[LISTED ENTRIES — start]
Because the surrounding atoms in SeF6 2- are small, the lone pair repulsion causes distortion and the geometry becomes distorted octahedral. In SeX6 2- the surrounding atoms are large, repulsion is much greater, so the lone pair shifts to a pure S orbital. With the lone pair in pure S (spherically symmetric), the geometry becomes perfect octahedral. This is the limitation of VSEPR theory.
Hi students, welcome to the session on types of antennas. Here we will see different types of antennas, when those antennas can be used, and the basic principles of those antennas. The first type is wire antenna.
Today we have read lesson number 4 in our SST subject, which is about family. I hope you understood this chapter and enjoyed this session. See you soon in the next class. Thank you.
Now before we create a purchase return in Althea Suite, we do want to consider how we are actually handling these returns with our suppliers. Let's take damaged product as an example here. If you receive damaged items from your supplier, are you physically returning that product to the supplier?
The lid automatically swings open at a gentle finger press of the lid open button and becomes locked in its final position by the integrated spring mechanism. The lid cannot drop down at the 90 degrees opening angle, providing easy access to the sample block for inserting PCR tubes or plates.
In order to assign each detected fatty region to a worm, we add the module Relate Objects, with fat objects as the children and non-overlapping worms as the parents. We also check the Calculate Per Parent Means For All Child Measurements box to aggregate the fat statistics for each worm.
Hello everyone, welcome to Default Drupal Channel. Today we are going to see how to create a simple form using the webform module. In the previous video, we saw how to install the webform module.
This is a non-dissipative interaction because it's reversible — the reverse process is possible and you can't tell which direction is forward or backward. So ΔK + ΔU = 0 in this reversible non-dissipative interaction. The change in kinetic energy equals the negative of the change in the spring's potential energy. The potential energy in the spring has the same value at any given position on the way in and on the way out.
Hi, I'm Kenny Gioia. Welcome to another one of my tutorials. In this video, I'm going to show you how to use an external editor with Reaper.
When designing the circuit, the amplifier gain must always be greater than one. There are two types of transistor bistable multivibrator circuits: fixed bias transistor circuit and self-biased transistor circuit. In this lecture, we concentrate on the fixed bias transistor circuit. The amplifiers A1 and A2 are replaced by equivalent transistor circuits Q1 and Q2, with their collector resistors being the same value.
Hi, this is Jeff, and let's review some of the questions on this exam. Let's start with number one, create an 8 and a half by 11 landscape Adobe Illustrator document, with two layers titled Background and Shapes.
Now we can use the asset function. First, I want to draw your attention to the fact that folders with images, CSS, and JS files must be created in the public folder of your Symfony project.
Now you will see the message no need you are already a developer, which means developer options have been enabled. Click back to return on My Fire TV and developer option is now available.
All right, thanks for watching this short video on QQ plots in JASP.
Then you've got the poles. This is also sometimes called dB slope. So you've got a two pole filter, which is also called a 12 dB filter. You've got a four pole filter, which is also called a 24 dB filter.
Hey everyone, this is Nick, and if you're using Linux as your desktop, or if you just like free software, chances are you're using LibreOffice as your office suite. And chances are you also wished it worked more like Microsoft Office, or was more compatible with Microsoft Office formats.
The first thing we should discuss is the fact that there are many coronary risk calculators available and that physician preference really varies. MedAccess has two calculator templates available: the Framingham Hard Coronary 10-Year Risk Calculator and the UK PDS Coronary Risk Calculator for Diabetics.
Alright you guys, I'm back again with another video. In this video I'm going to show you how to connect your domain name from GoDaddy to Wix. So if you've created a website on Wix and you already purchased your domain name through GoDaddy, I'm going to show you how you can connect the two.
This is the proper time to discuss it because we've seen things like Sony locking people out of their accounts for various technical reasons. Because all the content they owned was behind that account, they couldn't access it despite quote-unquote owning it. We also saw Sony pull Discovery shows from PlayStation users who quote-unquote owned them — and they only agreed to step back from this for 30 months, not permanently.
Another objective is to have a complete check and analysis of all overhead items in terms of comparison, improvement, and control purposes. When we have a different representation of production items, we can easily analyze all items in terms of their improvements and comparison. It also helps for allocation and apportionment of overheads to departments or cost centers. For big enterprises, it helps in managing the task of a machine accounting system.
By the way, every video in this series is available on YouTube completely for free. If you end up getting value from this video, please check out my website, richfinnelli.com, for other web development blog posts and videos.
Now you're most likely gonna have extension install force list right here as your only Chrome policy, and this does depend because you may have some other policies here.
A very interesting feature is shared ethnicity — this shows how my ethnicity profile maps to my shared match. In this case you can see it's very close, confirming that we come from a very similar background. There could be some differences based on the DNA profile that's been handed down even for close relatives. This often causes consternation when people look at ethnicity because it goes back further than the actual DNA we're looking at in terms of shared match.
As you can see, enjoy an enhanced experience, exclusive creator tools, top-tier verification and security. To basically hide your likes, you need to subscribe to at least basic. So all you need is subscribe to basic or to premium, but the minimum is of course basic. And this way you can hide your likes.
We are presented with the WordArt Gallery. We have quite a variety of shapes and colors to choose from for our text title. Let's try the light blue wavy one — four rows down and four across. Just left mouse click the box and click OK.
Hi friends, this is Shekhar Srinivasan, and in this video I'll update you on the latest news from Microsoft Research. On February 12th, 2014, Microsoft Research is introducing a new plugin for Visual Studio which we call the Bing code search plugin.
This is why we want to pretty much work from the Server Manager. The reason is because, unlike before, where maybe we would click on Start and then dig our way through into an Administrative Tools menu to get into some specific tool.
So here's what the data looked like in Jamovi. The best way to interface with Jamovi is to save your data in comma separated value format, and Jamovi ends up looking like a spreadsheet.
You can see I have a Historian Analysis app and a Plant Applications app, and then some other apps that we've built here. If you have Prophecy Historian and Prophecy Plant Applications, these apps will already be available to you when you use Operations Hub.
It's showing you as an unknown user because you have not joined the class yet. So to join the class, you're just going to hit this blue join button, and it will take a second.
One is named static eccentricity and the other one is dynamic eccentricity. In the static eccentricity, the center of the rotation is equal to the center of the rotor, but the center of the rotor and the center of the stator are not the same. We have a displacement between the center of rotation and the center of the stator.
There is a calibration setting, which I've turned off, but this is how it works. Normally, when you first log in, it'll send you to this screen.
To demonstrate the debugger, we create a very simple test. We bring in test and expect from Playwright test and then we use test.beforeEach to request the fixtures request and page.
[LISTED ENTRIES — finish]
## WHAT IS EXPECTED
Starting at the line that contains "By the way, every" and stopping after the line that contains "Now you're most", write out every line exactly as it appears above, and no other line.

## TASK ANSWER
By the way, every video in this series is available on YouTube completely for free. If you end up getting value from this video, please check out my website, richfinnelli.com, for other web development blog posts and videos.
Now you're most likely gonna have extension install force list right here as your only Chrome policy, and this does depend because you may have some other policies here.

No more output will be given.